Plan your visit in spring or winter, and you can wander the palace’s rolling green gardens, which spread over several hectares. But the real treasures are inside, where you’ll find plenty of memorabilia in the King Abdul Aziz Historical Center, including personal belongings of King Abdulaziz – right down to his spectacles – as well as photographs of meetings he conducted with statesman all over the world. Tear yourself away from the multimedia displays, and you can also see a Rolls-Royce that was presented to the King by Winston Churchill in 1946.
As you tour the two-storey building, look out for the King’s personal lift – the first in the country when it was installed in 1948 due to his arthritis, which had made it impossible for him to use the stairs. History aficionados will revel in the palace’s archives, which, thanks to its role as the hub of the country’s administrative decisions at the time, include a trove of historical documents relating to a pivotal point in Saudi Arabia’s history, as well as recordings of the King’s speeches.
E-Visa / Tourist Visa
Saudi Arabia is opening its doors. The new visa system is a historic milestone in opening Saudi Arabia to tourism.
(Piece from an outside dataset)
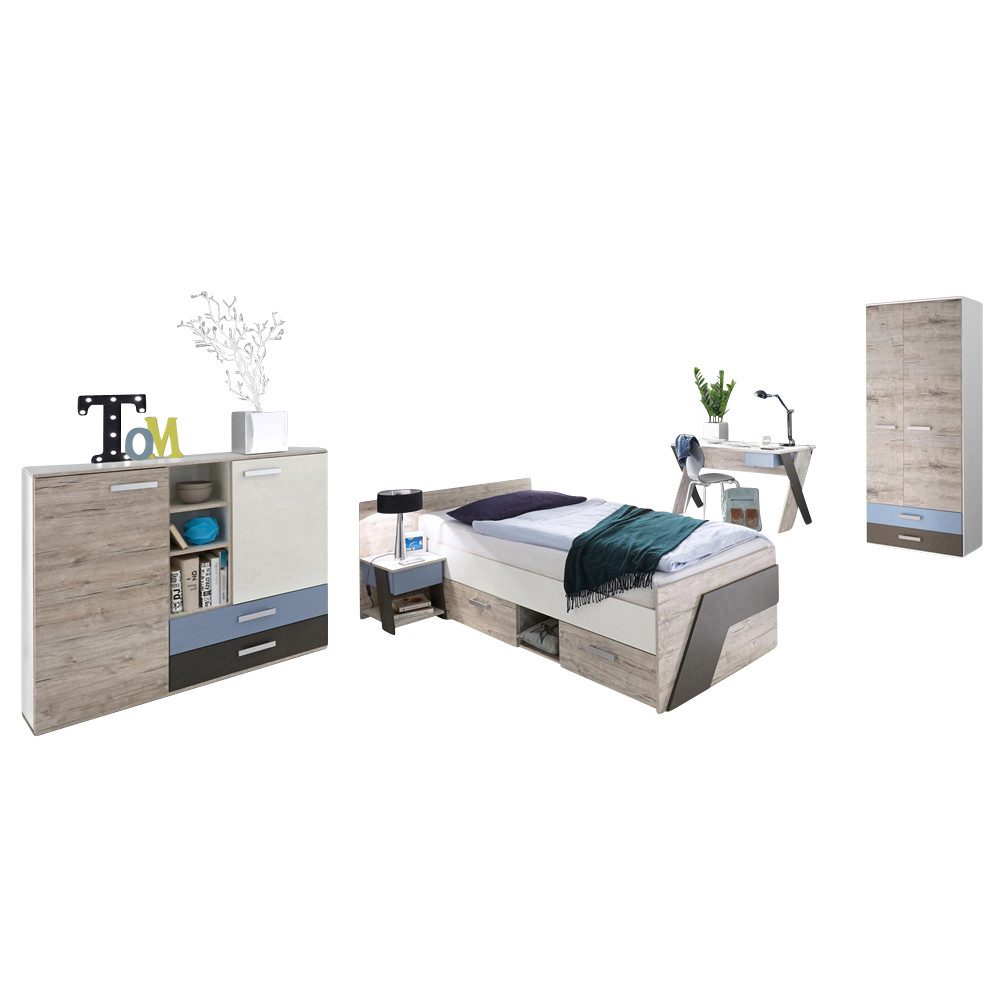 Lomadox Jugendzimmer-Set LEEDS-10, (Sparset, 5-tlg), Sandeiche günstig online kaufen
Tourists from eligible countries can apply for a tourist visa online through fast and easy-to-use e-Visa portal (https://visa.visitsaudi.com) ahead of their trip, or upon arrival in Saudi Arabia through visa kiosks at immigration.
Tourists from other countries should apply for a consulate visa through Saudi embassies and consulates.
Applying for a tourist visa to the Kingdom of Saudi Arabia is easy. If you are from one of the 49 eligible countries, you can apply through the e-Visa website. Other countries need to apply through their nearest Saudi embassy or consulate.
All Visit Visas: including e-Visa, Visa-on-Arrival and Consulate Visa:
• The fee for the visa is SAR 440. This includes the base fee (SAR 300) and health insurance (SAR 140). However, additional charges apply for VAT and payment processing.
• The validity of the visa depends on its type. A single entry visa allows you to stay for a total length of one month, while the multiple entry visa allows you to stay in Saudi Arabia for up to three months.
• A multiple entry visa is valid for a maximum of three months, regardless of whether you leave and re-enter the country during that period of time.